Supplied data |
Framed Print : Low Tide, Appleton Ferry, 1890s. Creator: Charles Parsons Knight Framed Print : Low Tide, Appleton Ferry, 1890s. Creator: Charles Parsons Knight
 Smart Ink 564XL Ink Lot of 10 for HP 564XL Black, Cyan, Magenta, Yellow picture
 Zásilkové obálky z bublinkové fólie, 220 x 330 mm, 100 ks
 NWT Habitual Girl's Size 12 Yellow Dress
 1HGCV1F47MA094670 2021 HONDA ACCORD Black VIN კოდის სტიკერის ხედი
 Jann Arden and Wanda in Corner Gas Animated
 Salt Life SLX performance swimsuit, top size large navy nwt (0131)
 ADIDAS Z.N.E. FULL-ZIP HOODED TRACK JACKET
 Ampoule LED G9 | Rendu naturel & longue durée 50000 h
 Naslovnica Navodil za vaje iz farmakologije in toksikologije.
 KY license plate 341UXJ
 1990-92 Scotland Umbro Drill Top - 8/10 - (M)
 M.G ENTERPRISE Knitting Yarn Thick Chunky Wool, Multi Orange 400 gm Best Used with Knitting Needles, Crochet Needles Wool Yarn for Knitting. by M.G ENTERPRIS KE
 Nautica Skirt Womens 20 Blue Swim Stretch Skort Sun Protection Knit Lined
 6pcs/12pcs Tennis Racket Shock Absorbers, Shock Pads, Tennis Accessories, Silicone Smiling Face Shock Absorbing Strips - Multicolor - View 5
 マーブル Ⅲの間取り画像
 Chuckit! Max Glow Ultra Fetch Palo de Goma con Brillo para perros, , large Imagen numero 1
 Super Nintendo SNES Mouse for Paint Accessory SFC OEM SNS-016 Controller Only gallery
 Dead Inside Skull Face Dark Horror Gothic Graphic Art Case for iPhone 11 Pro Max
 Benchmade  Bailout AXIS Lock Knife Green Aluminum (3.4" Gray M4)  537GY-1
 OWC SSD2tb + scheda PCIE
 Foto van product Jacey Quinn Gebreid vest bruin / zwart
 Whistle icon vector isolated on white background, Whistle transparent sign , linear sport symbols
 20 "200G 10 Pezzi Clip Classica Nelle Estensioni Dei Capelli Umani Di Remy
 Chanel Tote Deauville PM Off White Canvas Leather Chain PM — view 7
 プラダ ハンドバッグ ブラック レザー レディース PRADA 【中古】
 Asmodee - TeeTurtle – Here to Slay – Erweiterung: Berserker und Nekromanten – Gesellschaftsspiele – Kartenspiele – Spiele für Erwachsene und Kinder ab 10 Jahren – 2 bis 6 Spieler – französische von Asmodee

Your assignment | Search the data above and return each line in which "Face" occurs.

Answer area |
 6pcs/12pcs Tennis Racket Shock Absorbers, Shock Pads, Tennis Accessories, Silicone Smiling Face Shock Absorbing Strips - Multicolor - View 5
 Dead Inside Skull Face Dark Horror Gothic Graphic Art Case for iPhone 11 Pro Max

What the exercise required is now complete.